I don't see a size limit for mosquito in the regs


----------



## papaperch (Apr 12, 2004)

I hesitate to comment as I am primarily a panfishernan. I do keep walleye if I accidently catch one but I adhere to a personal 15 inch limit.

It does bother me to see others keeping undersize walleyes. Many a time on Mosquito I have seen strung up walleye smaller than the crappies in my cooler. I believe this stems from the fact that some like to brag " I got my limit ". I always wondered if these fish actually ever see a frying pan. Maybe they end up as fertilizer after all the bragging is done. Who knows ?


----------



## chaunc (Apr 11, 2004)

I agree with Tomb. That lake has always been a put and take fishery. Everybody needs to stop persecuting people who want to keep fish. If you, personally want to throw everything back under 15", do so. No sense getting upset about others choices. Amish have been keeping those perch size eyes since i can remember while fishing squito. I complained about it to the gamewarden 15 years ago and again a couple years ago. He told me " there's no size limit, so ANYBODY can keep their limit ". There's still lots of fish for all of us to catch. How about a closed season from April 1 to May 15 like we have over here in Pa.?  Except for Pymy, we cant keep any during the spawn period. Now that sux.


----------



## johnboy111711 (Apr 7, 2004)

i agree with chaunc, if there are no laws broken and the fish get ate, whats the difference. i personally perfer smaller eyes and have kept 14in from squito and other lakes and ate them and not felt bad. i have alos thrown back bigger eyes.


----------



## walley1 (Feb 18, 2005)

there is no size limit on mosquito


----------



## snake69 (Sep 26, 2005)

Looked thru the regs and can find nothing!

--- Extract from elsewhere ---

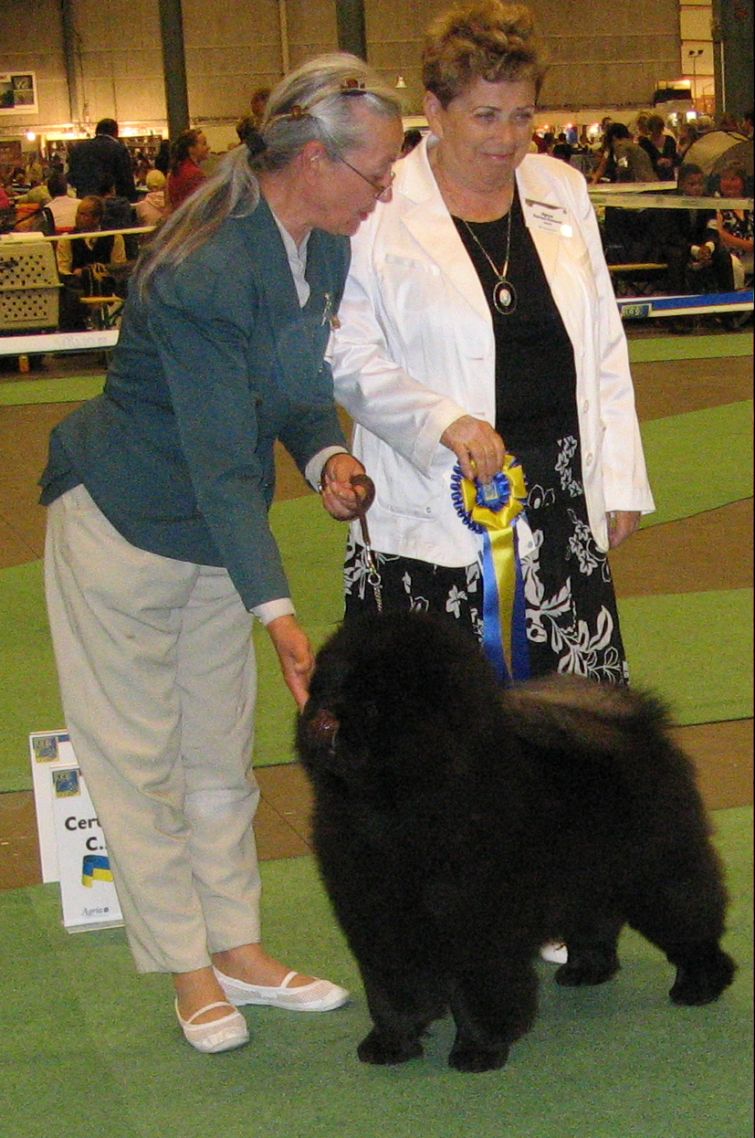 JWW08 females CC-Best Junior Supremum Amba OIncipit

Berlin remains 15" but nothin' bout Mosquito!!


----------



## chaunc (Apr 11, 2004)

Mosquito Creek Lake is the only public waters, that i know of, in Ohio, that doesn't have a size limit on walleye. If i'm wrong and they have added more lakes, would somebody that knows for sure, post here and tell us all, the names of them.


----------



## misfit (Apr 5, 2004)

chaunc,there are not a lot of walleye lakes in ohio,and the larger ones(except skeeter) do have a size limit.i'm not positive,but believe the only waters with no limit would be the various upground reservoirs,the ohio and other rivers that might possibly hold walleyes.
i don't have the names of all those waters,but it's easier to say that any water not listed in the regs as having a size limit would be included.


----------



## johnboy111711 (Apr 7, 2004)

west branch didn't, atleast from what i know, have a walleye length limit


----------



## misfit (Apr 5, 2004)

berlin,cj brown,milton,mahoning river between berlin and milton,lake erie and tribs are the the waters with limits.if it's not on that list,there's no lmit.


----------



## chuckie (Nov 12, 2004)

my guess is most who don't care much about size wouldn't be too concerned about the limit either-just my $.02! I'm pro-15"-> keeper! and who came up with this "measurement" techniqueStraight from the regs.) 
********
"The measurement of the length of a fish is taken in a straight line from the utmost end of the snout with the *mouth closed* to the utmost end of the caudal (tail) fin when the *tail fin is compressed* so that the upper and lower lobes touch or overlap.
Measure fish with mouth closed and tail compressed to determine total length"


----------



## Steel Cranium (Aug 22, 2005)

I think that they classify lakes/rivers C&R for walleye or not based on natural reproduction that may be occurring. If I recall correctly, the DNR has documented some possible reproduction of walleyes in the lakes mentioned above - berlin, milton, erie. They must view the others as 'put and take' so the size limits are not as important as the quantity limits. I would think that a statewide length limit would be easier to enforce.


----------



## Papascott (Apr 22, 2004)

chuckie whats wrong with the nose to a pinched tail for measuring???? Is there any better way?

Scott


----------



## fishon (Apr 20, 2004)

As al did i also read the 2006 regs.... and see nothing mentiod... as Mosquoteye poste ealier... where did u hear of this..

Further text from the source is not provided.